[r6rs-discuss] [Formal] Formal Comment: NaN should be considered a number, not a real

From: Thomas Lord <lord>
Date: Fri, 22 Jun 2007 11:58:03 -0700

Arthur Smyles wrote:
> Thomas Lord wrote:
>
>> I don't have a cite handy but maybe someone can play with
>> Google to find it.

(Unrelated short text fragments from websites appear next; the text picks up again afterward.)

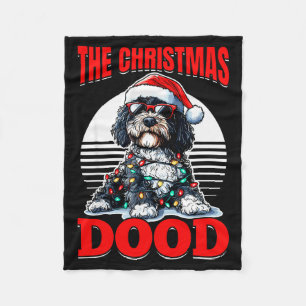 Bernedoodle Christmas Dog Breed The Christmas Dood Fleece Blanket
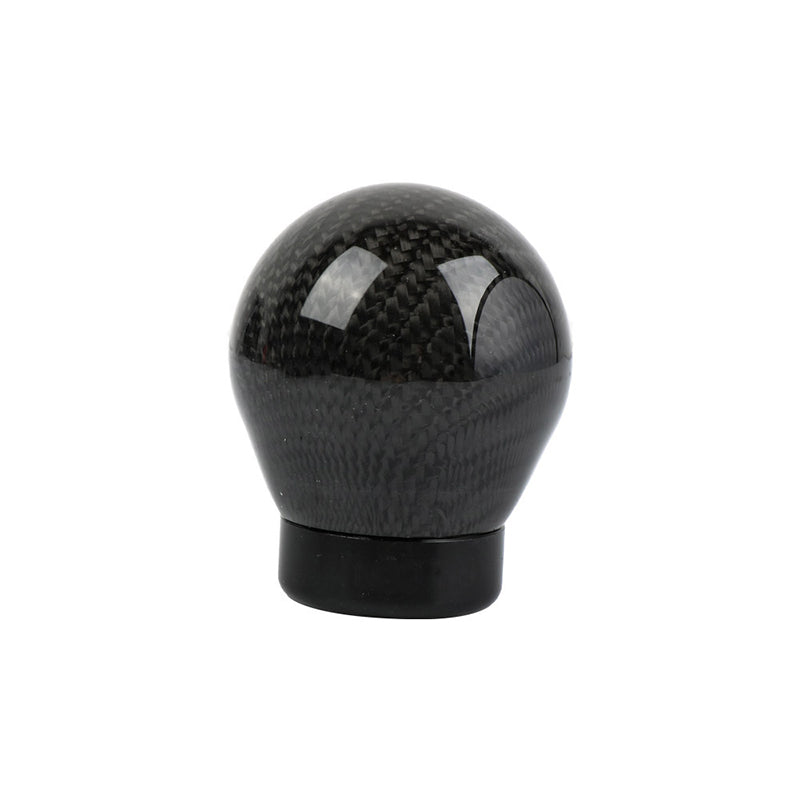 Brand New Universal Real Carbon Fiber Black Round Ball Manual Car Racing Gear Shift Knob Shifter M12 M10 M8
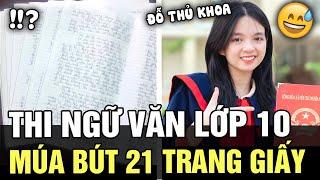 CON NHÀ NGƯỜI TA nữ sinh viết 21 TRANG VĂN rồi giật luôn THỦ KHOA chuyên văn THPT HÀ TĨNH  TÁM TV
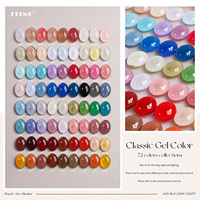 JTING Nouvelle Collection de Kits de Vernis Gel Classiques 72 Couleurs – Sans TPO/HEMA – Gel UV Professionnel Soak Off pour Ongles – OEM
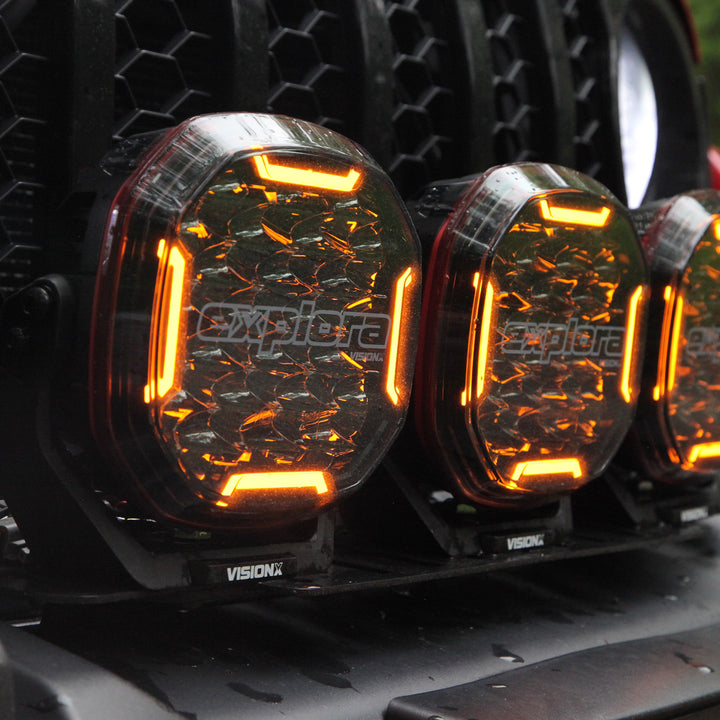 Luces de conducción Explora de 6" con DRL de doble color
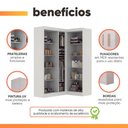 Ver imagem 5 de Guarda Roupas de Canto Modulado Closet Madrid 5 Portas MDP Branco Maxel Móveis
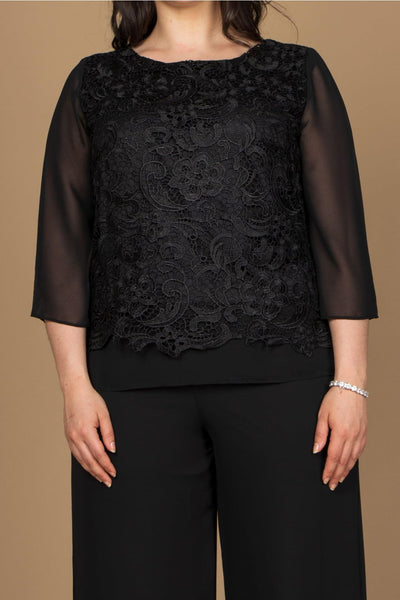 Eva USA 3289 Formal Mother of the Bride Lace Pant Suit - Pant Suit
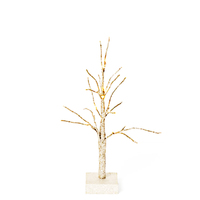 Champagne  Sparkle LED Spruce Tree  60cm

Sun Microsystems, some years ago,
>> published a long paper called something like "everything programmers
>> need to know about floating point numbers" which I would like
>> to recommend.
>>
>
> http://portal.acm.org/citation.cfm?id=103163.
>
> Unfortunately, it's not public :(
>

Then you should also work on your web search skills :-)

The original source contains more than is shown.